Et pas non plus n’importe quel pays du Tiers-Monde : on parle du Brésil, l’un des géants du Sud en pleine ascension. Lula lui-même a déclaré qu´avec ce vote « [le Brésil] est passé du statut de pays de seconde classe à celui de pays de première classe et aujourd’hui nous avons commencé à recevoir le respect que nous méritons ».

« Le respect que nous méritons », et que nous n’avons pas reçu par le passé : le Brésil a exulté et cette joie a été partagée par le reste du Tiers-Monde.

Est-ce une rebuffade pour Obama ? Bien entendu que c’en est une, pas pour lui personnellement mais pour les Etats-Unis.

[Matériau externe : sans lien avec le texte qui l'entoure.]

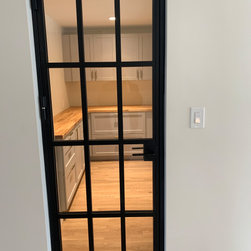Wellesley Charming Contemporary - Pantry And Cabinet Organizers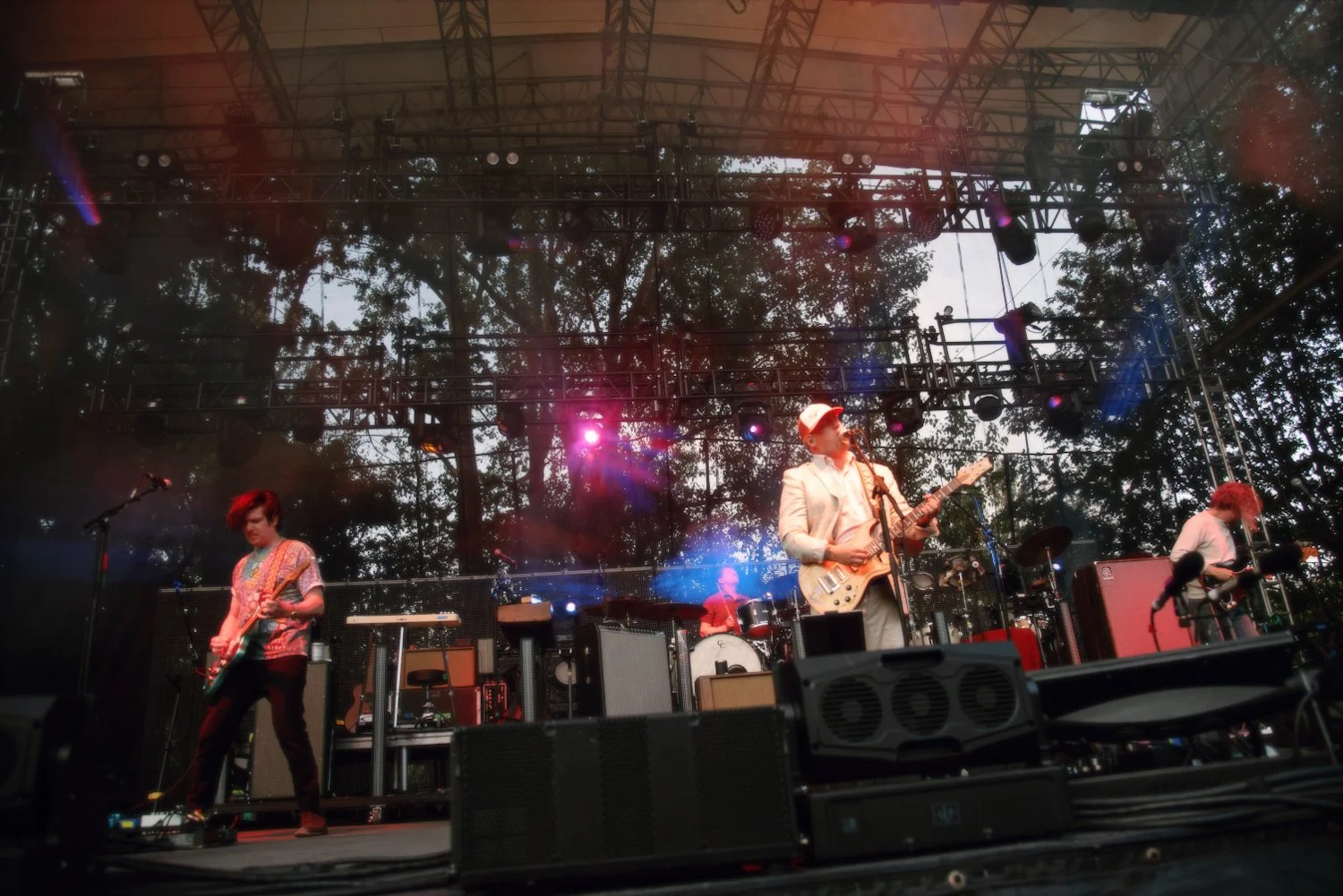 ModestMouse54.jpg
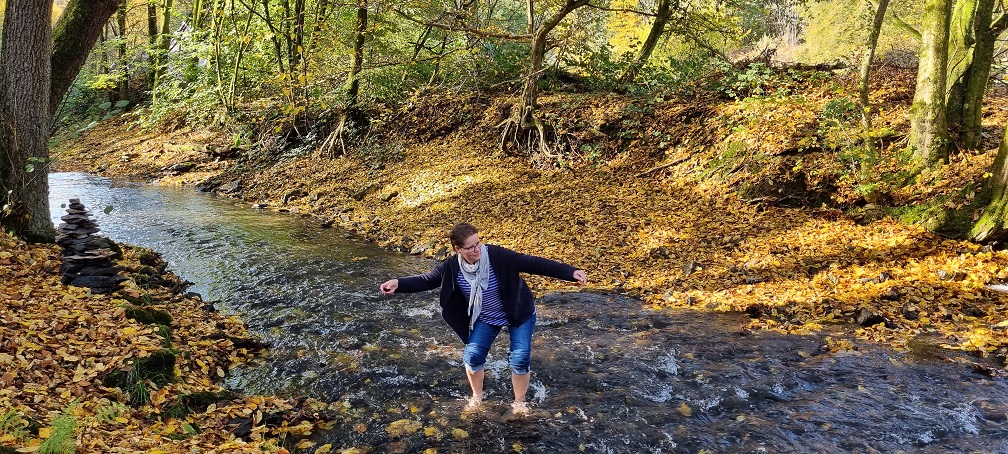 Gudula Burghoff von Naturpur im herblistchen Eifgenbach - Steine werfend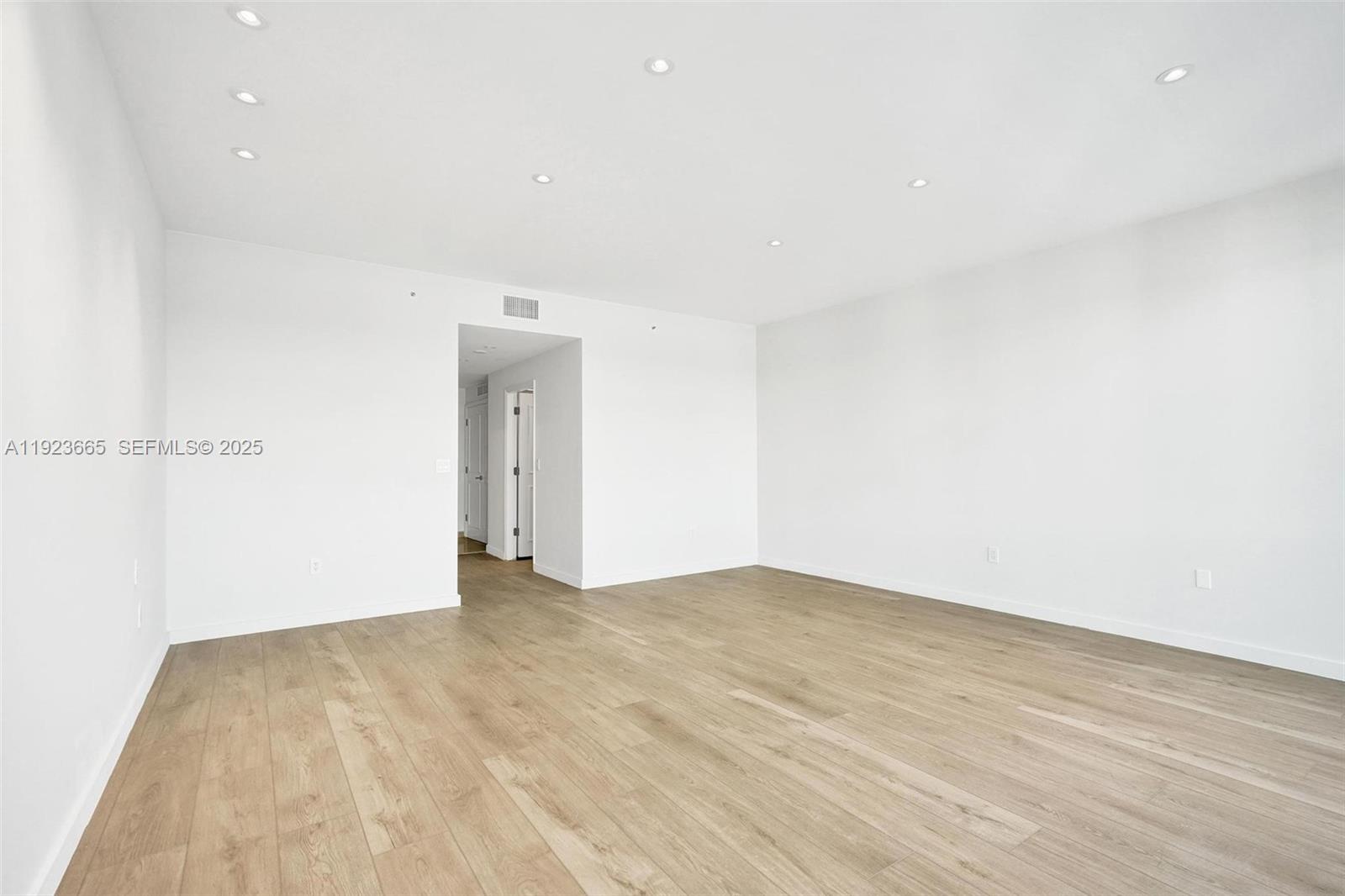 10101 Collins Ave #17A Bal Harbour, FL 33154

Aussi populaire soit-il dans le monde, et il l’est bel et bien, Obama reste le président des Etats-Unis. Ce vote a clairement constitué un affront géopolitique. Ce n’est pas comme si Obama aurait pu mieux faire. Et s’il n’y était pas du tout allé, l’opinion publique américaine aurait toujours pu mettre cet échec sur le compte de son absence.

Perdre le vote de désignation de la ville qui accueillera les J.O. n’est pas aussi grave que de voir ses bases en Afghanistan envahies par les talibans mais cela participe du même schéma d´ensemble.

Maintenant qu’Obama a reçu le Prix Nobel de Paix, la diplomatie américaine va-t-elle être mieux accueillie ? Momentanément peut-être. Mais la situation sous-jacente reste la même. En réalité, cela va rendre à certains égards la position d’Obama plus difficile, parce qu’il sera désormais jaugé à l’aune d’un critère plus exigeant encore.